Rich Rogers, the GBLC’s executive secretary-treasurer, said the vote reflected a “consensus in the labor community.” “He stood with us for 17 years,” Rogers said of Walsh.
Last week, Walsh picked up the backing of the New England Regional Council of Carpenters. The Massachusetts Nurses Association endorsed him in May.
But several unions have not yet backed a candidate. For example, members of the Boston Teachers Union were inside the union hall and did not vote. Earlier on Thursday, BTU’s president, Richard Stutman, said the union will be endorsing a candidate in the final election, but may stay out of the September preliminary.
Other unions that have not yet endorsed include SEIU 1199, Boston Firefighters Local 718, and Local 26 UNITE HERE, which includes hotel workers, food services and gaming industry workers.
The mayoral candidates had to complete a GBLC questionnaire in order to be able to attend the forum. Rogers declined to release to the Reporter copies of the candidates’ answers. Only a blank copy of the 8-page questionnaire, which came with a separate one-page “Right to Organize Pledge,” was available to reporters.
The questionnaire included inquiries on whether candidates support Suffolk Downs’ bid to open a casino in East Boston and whether they would “use the moral authority of your office” to help private sector unions settle collective bargaining disputes. During the mayoral forum, panelists asked candidates questions based on their publicly unavailable answers.
Before the GBLC vote, 10 of the 12 candidates running for mayor made their case and pushed their labor ties to the crowd of union members and delegates at the IBEW Local 103 building on Freeport St.
For his part, Walsh said he was a second generation laborer – his father came over from Ireland and joined the building trades. The younger Walsh’s first job, according to his campaign, was the World Trade Center on Seaport Boulevard in South Boston. Public employee unions will be viewed as a “partner” in his administration, Walsh said.

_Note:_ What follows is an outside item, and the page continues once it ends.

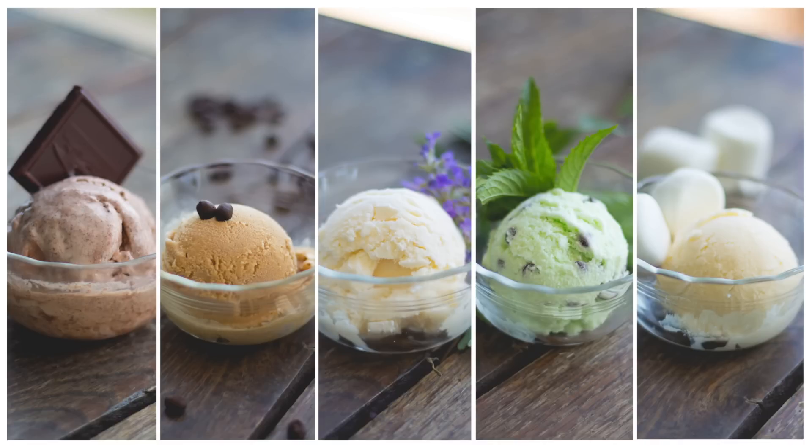Hi, everyone. I am so excited that it is National Ice Cream Month, a month to celebrate my absolute favorite treat, ice cream. This week, I'm bringing you five of my most favorite recipes that are quick and simple.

Felix G. Arroyo, a city councillor at-large who worked as a political director for SEIU 615, noted his wife is a teacher. John Barros, a former member of the Boston School Committee, said his father had worked for the Plymouth Rubber Company, while Suffolk District Attorney Dan Conley pointed to his father working for the New England Telephone Company. “Your priorities are my priorities,” like workforce housing, job training, and good schools, Conley said.
John Connolly, a city councillor at-large who heads up the council’s Education Committee and has clashed with the teachers’ union, called the labor movement “crucial” to the middle class in Boston.
Charlotte Golar Richie, a former state representative from Dorchester, said she had a “near 90 percent” pro-labor voting record during her time in the House. Bill Walczak, co-founder of the Codman Square Health Center, said he met his wife during an iceberg lettuce boycott, based on treatment of farm workers. “Our dates were handing out those fliers,” he said.
District 8 Councillor Michael Ross, who has been endorsed by the city’s emergency services union, pointed to his efforts to rework a firefighters’ union contract that he considered unaffordable to the city. District 4 Councillor Charles Yancey cited his 30 years on the 13-member council and said he has long supported union issues. “I have stood with you on many picket lines,” Yancey said.
David James Wyatt, a Roxbury Republican and a long-shot candidate for mayor, gave a rambling speech, saying he was “100 percent” opposed to abortion. He stated that he has worked as a Boston schoolteacher and he once spent two weeks as a Teamster working for UPS.
The preliminary, which will winnow the field to two candidates, is slated for Sept. 24. The final election is scheduled for Nov. 5.